Goal of the exercise ::
Begin your copy at the line with "00s Nike Red" in the records below and end it at the line with "Mazda Atenza 2018", restating each line word for word; omit the pictures.

Records provided ::

★ ★ ★ ★ ★

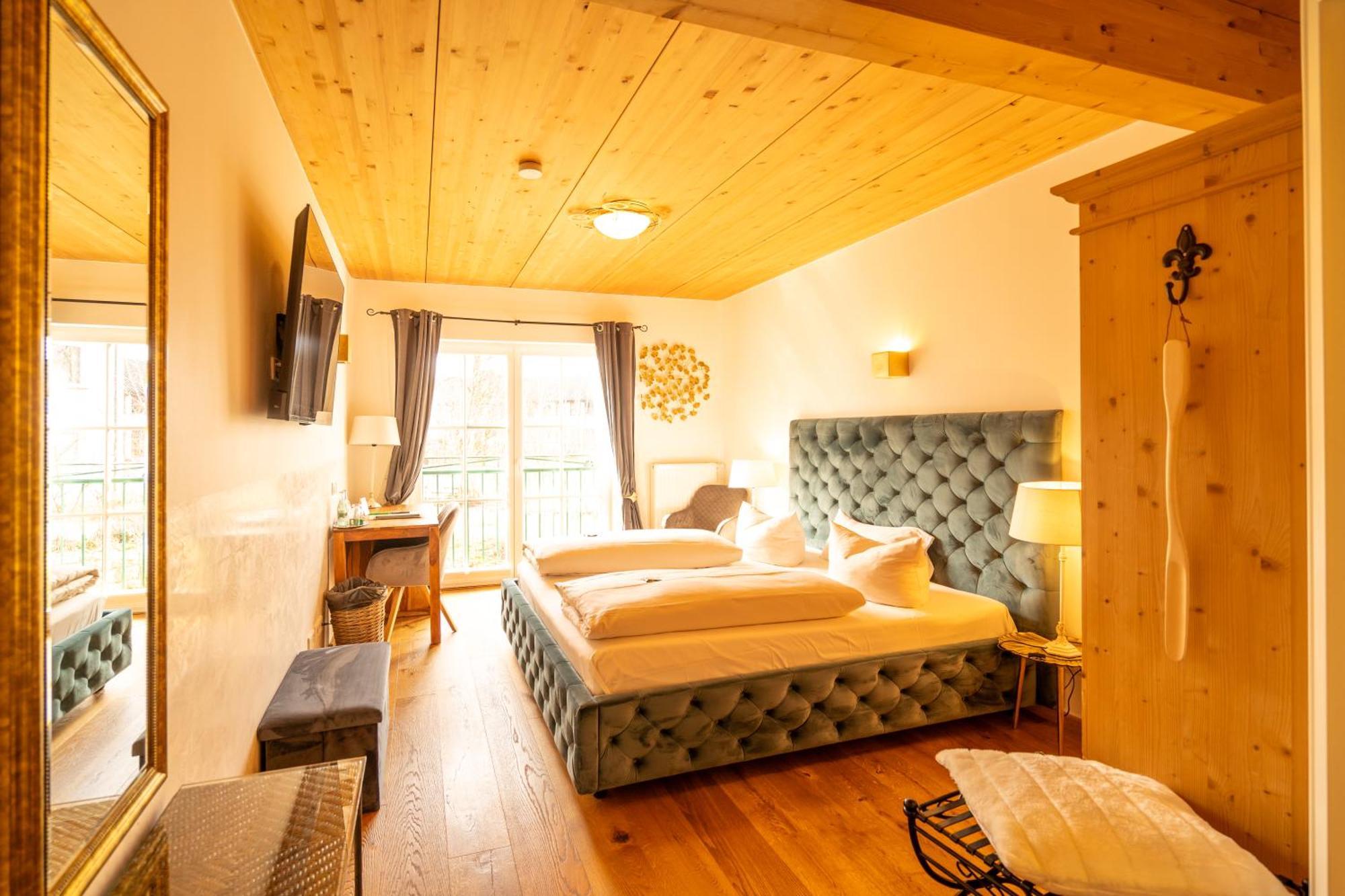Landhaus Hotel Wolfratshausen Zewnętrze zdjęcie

★ ★ ★ ★ ★

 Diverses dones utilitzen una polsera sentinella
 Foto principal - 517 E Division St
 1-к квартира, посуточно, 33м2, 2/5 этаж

★ ★ ★ ★ ★

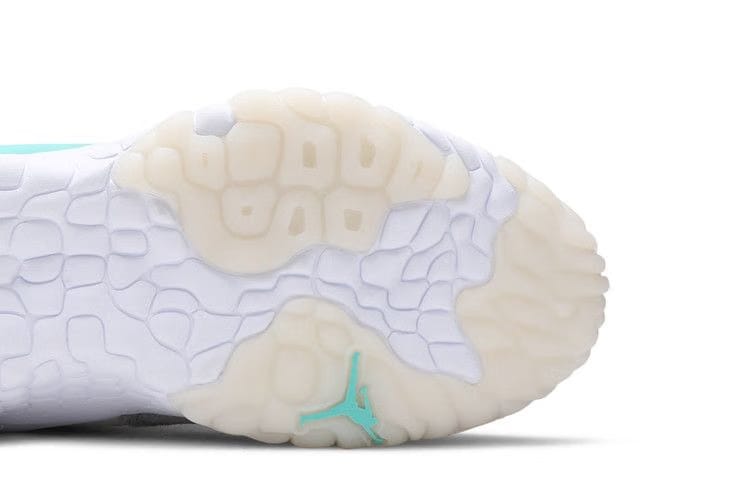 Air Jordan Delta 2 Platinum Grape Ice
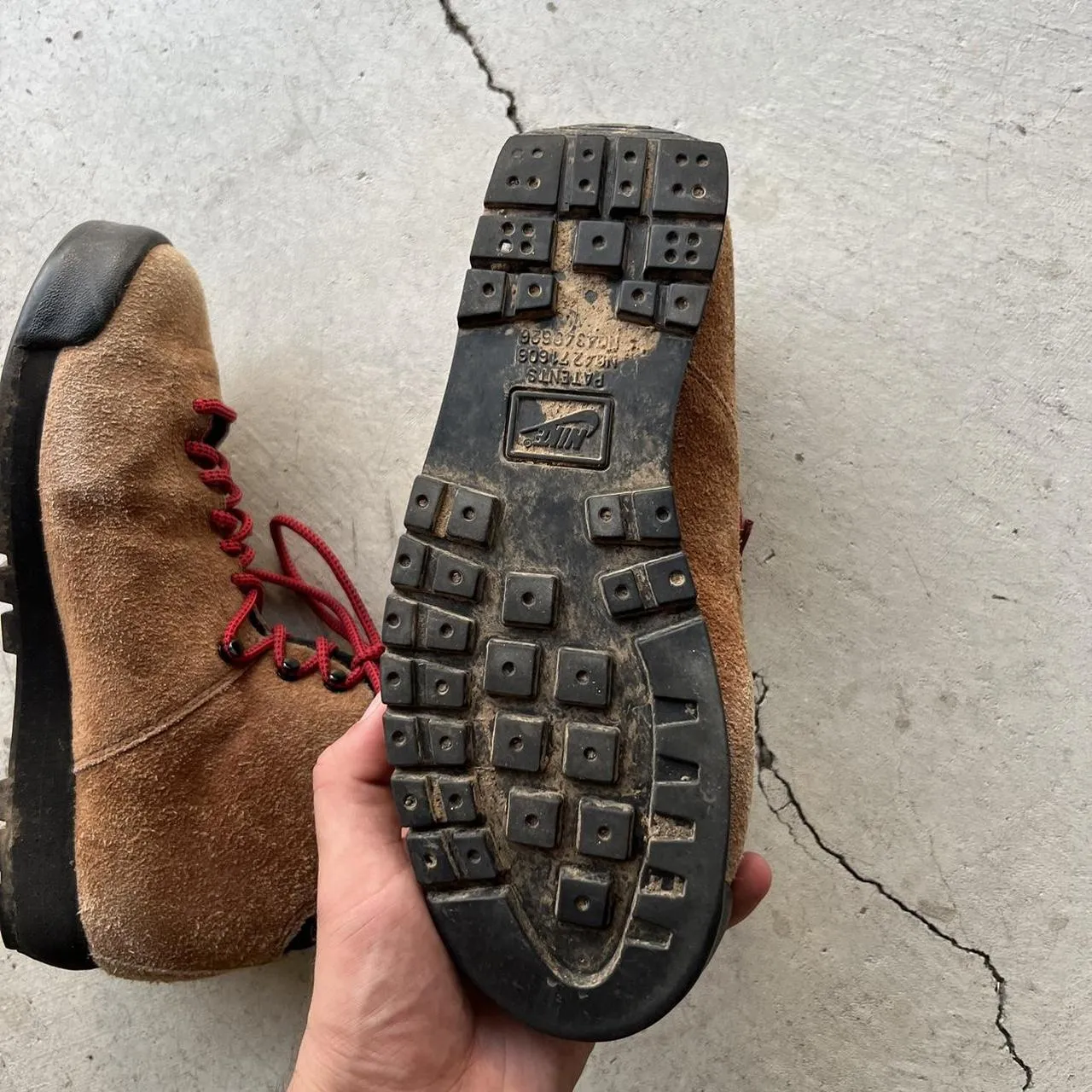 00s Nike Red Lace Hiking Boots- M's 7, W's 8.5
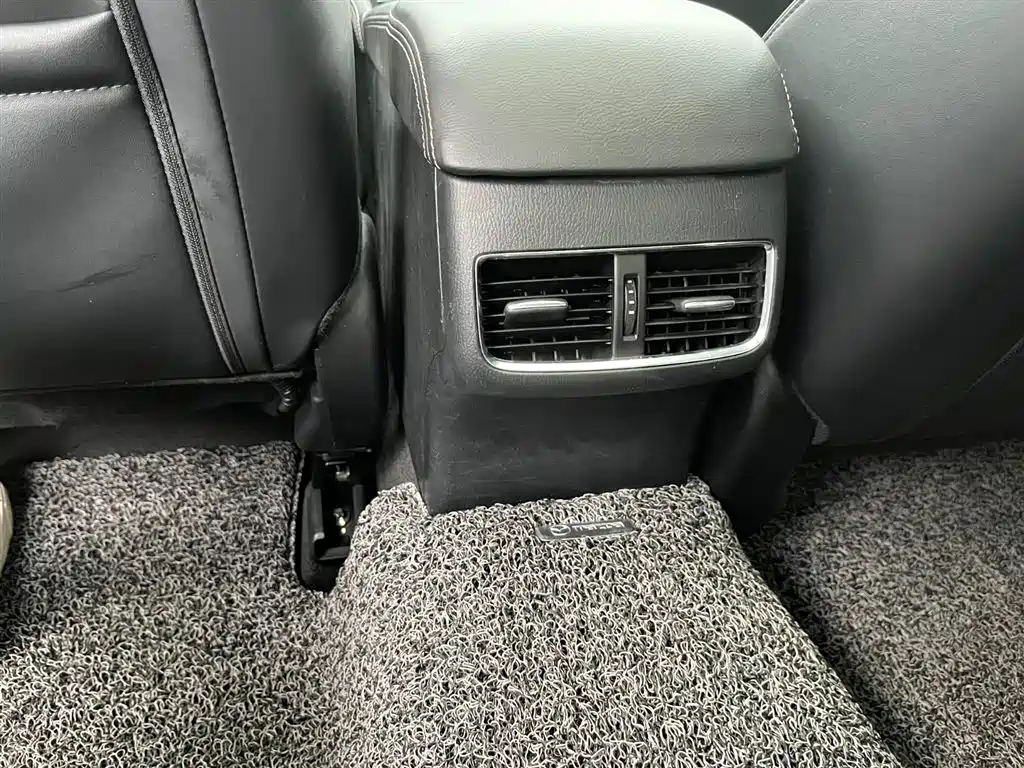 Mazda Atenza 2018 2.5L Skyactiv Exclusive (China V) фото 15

★ ★ ★ ★ ★

Solution to this task ::
 00s Nike Red Lace Hiking Boots- M's 7, W's 8.5
 Mazda Atenza 2018 2.5L Skyactiv Exclusive (China V) фото 15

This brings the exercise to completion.